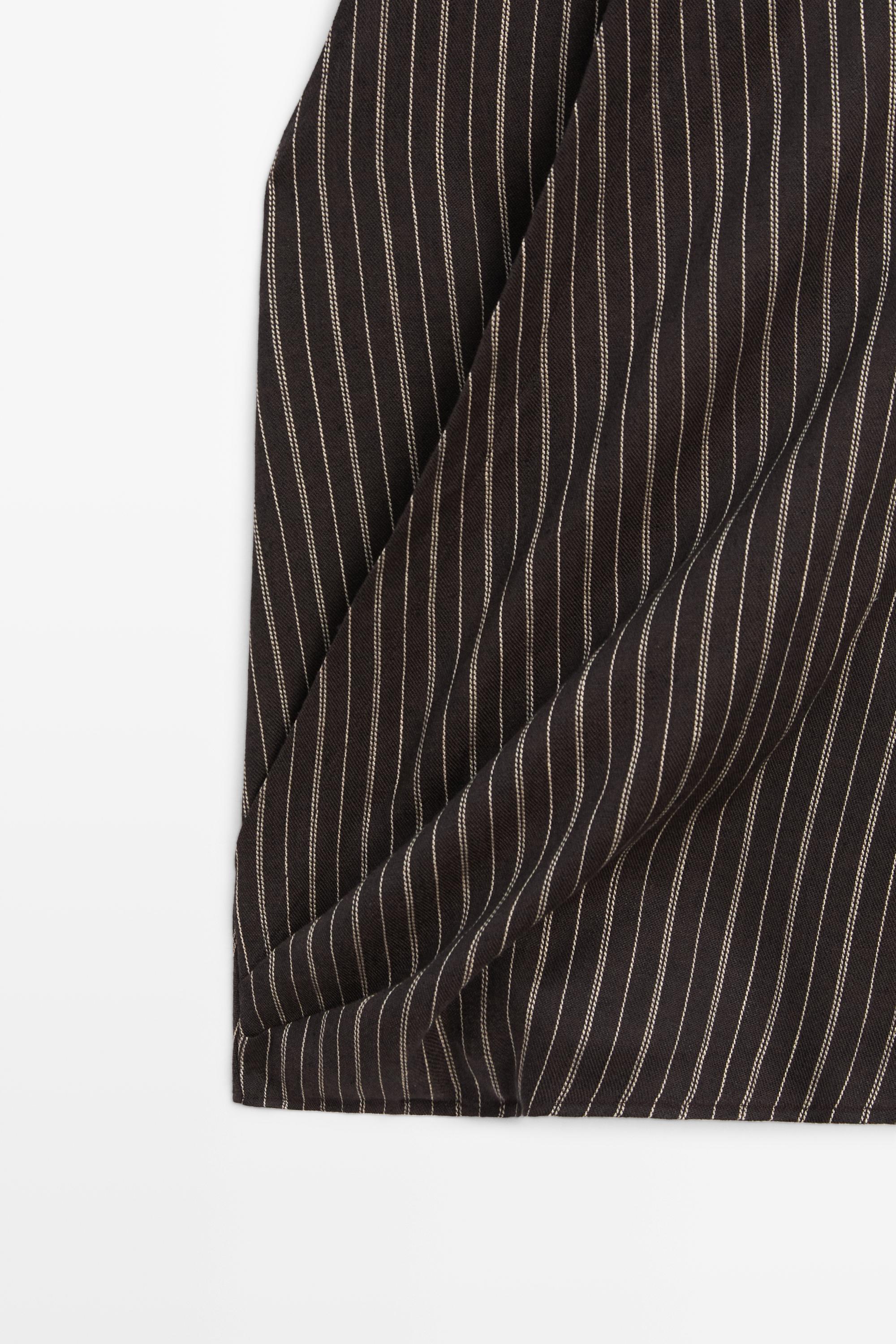 Halter top with stripe detail — BLACK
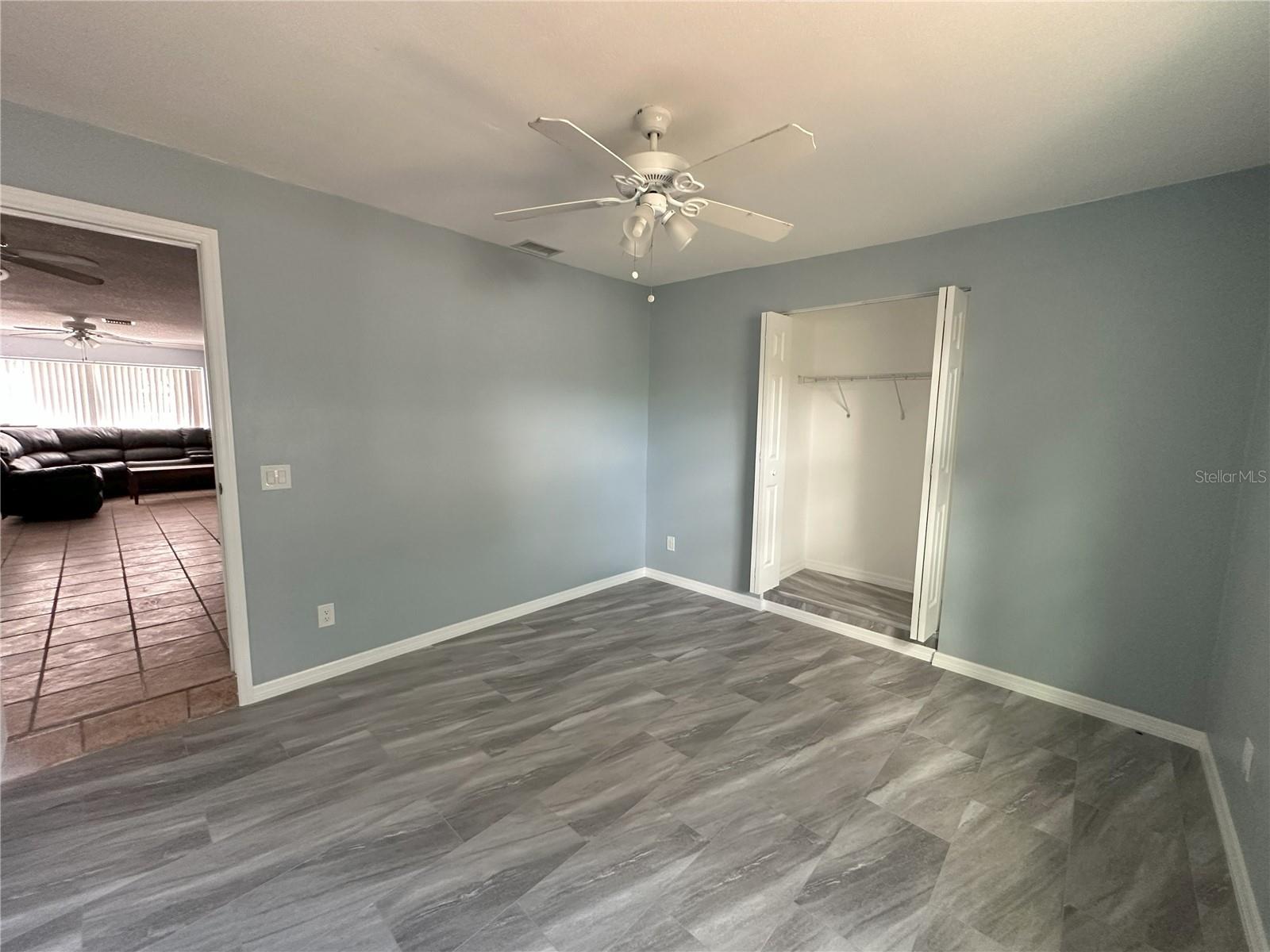 OAK PARK SUB-UNIT 3 - Residential Lease
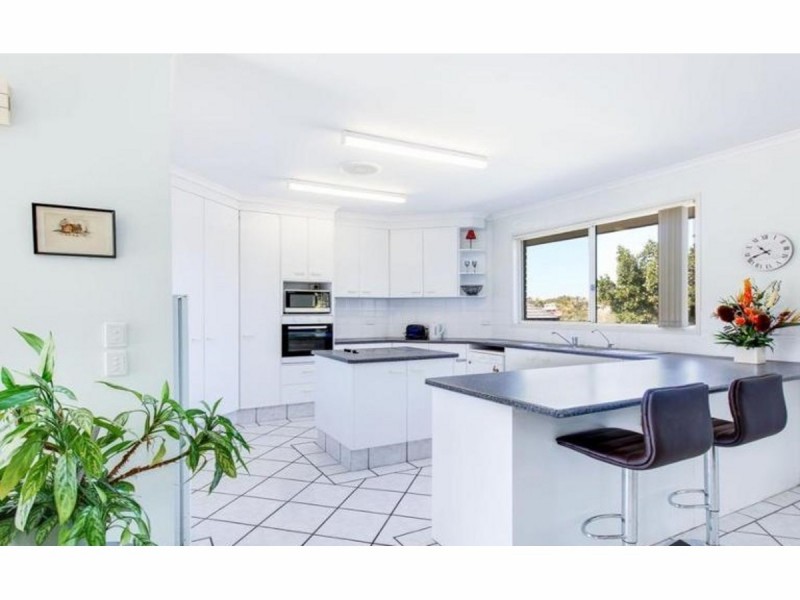 56 Jack Nicklaus Way, Parkwood QLD 4214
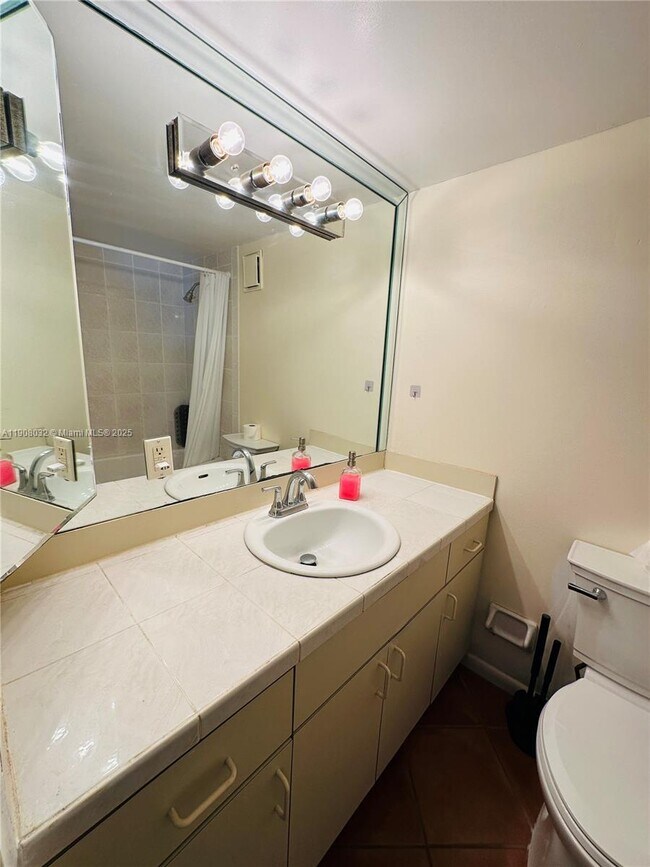 Building Photo - 619 Euclid Ave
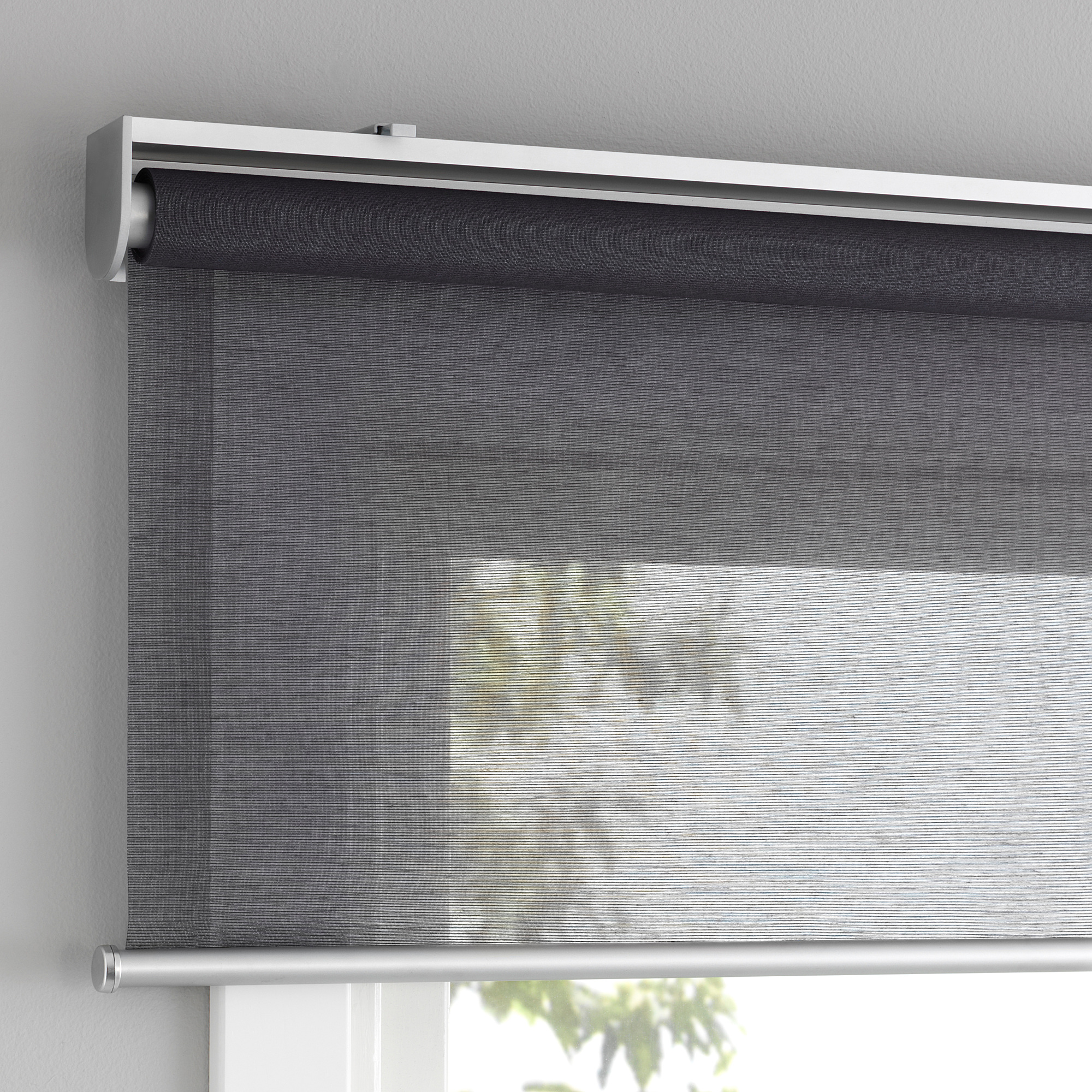 SKOGSKLÖVER roller blind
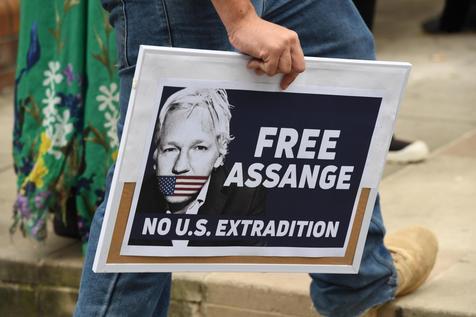 Piden por la liberación de Assange (foto: ANSA)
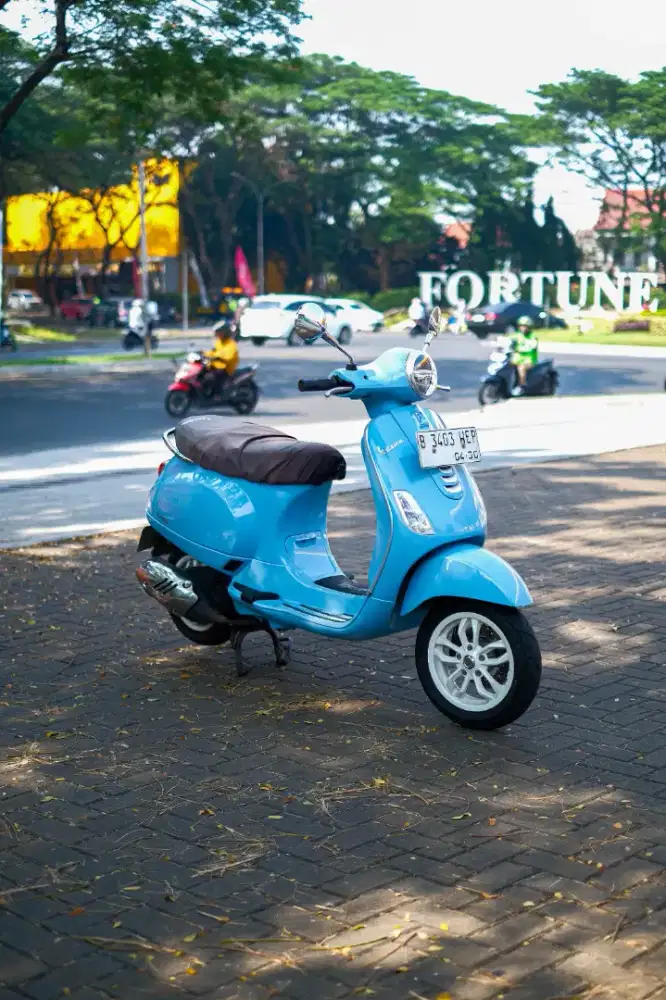 PIAGGIO VESPA LX 125 IGET FACELIFT 2024 TERMURAH BERGARANSI MESIN 1 TH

● ● ●

Your instructions: Set every entry down again exactly as written, and omit the images.

Response area:
 Halter top with stripe detail — BLACK
 OAK PARK SUB-UNIT 3 - Residential Lease
 56 Jack Nicklaus Way, Parkwood QLD 4214
 Building Photo - 619 Euclid Ave
 SKOGSKLÖVER roller blind
 Piden por la liberación de Assange (foto: ANSA)
 PIAGGIO VESPA LX 125 IGET FACELIFT 2024 TERMURAH BERGARANSI MESIN 1 TH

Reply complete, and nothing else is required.